How to choose a graph database: we compare 8 favorites

by Andrew Disney, 19th October 2023

If you’ve found this article, the chances are you:

Need to build a powerful graph or graph analytics application
Are debating which is the right datastore for your project
Want an introduction to the graph database landscape

Over the years we’ve helped thousands of teams visualize their data, working with (probably) every major graph database on the market.

Each has its own strengths and weaknesses, and the best option for you will depend on your specific use case and requirements. That’s why our data visualization SDKs are database agnostic: so you’re free to choose the right stack for your application.

In this post, we’ll take a look at some of the factors you could investigate, and introduce the eight databases our customers work with most often:

Amazon Neptune

ArangoDB

Azure Cosmos DB

Google Spanner Graph

JanusGraph

MarkLogic

Neo4j

TigerGraph

Why these eight graph databases?

There have been a lot of new entrants and innovations in the graph database category, with some vendors slowly dipping below the radar, or always staying on the periphery. We’ve focused on the ones we see consistently.

Needless to say, this post isn’t a substitute for your own research. We’ve seen how much effort it is to switch databases mid-project. Investing time to test drive your chosen database – with real data and queries – is key.

What is a graph database?

Graph databases are datastores optimized for connected data.

They store information in a graph model, meaning data points can be queried in relation to their connections with other data points. This makes it easier to run complex queries that would be prohibitively slow in traditional databases, and to draw insights from connections between disparate pieces of information.

The list of graph database use cases is long, and growing, including fraud detection, cyber security, network/IT management, knowledge graphs, supply chain and recommendation engines.

A cyber security graph visualization, built with the KeyLines graph visualization SDK

Do I need a graph database?

This is the first question you need to ask yourself. Many of our customers successfully build fast and scalable graph visualization applications without a graph database.

The answer probably depends more on the complexity of your queries than the connectedness of your data. Relational databases (with recursive SQL queries), document stores, key-value stores, etc., can handle many graph-type problems.

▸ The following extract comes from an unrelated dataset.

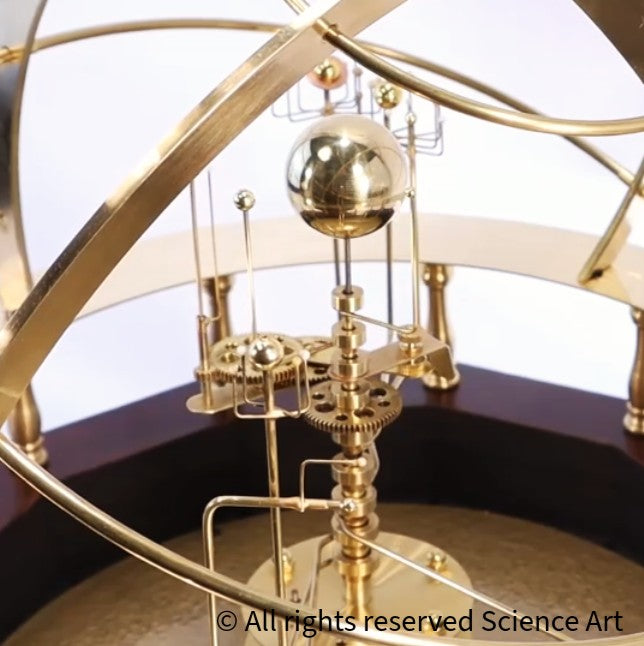 Grand Orrery Solar System Model with Hardwood Base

Chances are you already have one in your organization too.

In our experience, graph databases make most sense if you’re running complex analytical or pathfinding queries with 4 or more traversals – that is, 4+ node ‘hops’ from your starting point – or simpler graph queries that require real-time processing.

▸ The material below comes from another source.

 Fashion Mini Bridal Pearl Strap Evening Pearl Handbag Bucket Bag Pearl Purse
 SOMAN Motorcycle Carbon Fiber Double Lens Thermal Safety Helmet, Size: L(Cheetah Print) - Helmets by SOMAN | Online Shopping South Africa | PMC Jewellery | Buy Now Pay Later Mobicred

Graph database factors to consider

Native vs multi-model graph databases

One way to categorize graph databases is by their native or multi-model format.

Native graph databases are ‘graph first’. In other words, they support only the graph model. According to Gartner’s 2022 Market Guide for Graph Database Management, native options “may be more applicable for resource-heavy processing involving real-time calculations, machine learning or even standard queries on graphs that have several billions of nodes and edges”.

Multi-model databases combine graphs with two other NoSQL data models – document and key-value stores. This ‘best of all worlds’ approach can allow for greater flexibility without the risk and complexity of multiple vendors.

RDF vs property graphs

Another way to categorize graph databases is by their data structure. Graph databases broadly store information in one or both of these underlying data models:

Property graphs – store information as nodes (entities), edges (connections between entities), and properties, describing the nodes and edges
RDF graphs – store information using a subject-predicate-object model without properties (e.g. “bank account” – “has” – “warning flag”)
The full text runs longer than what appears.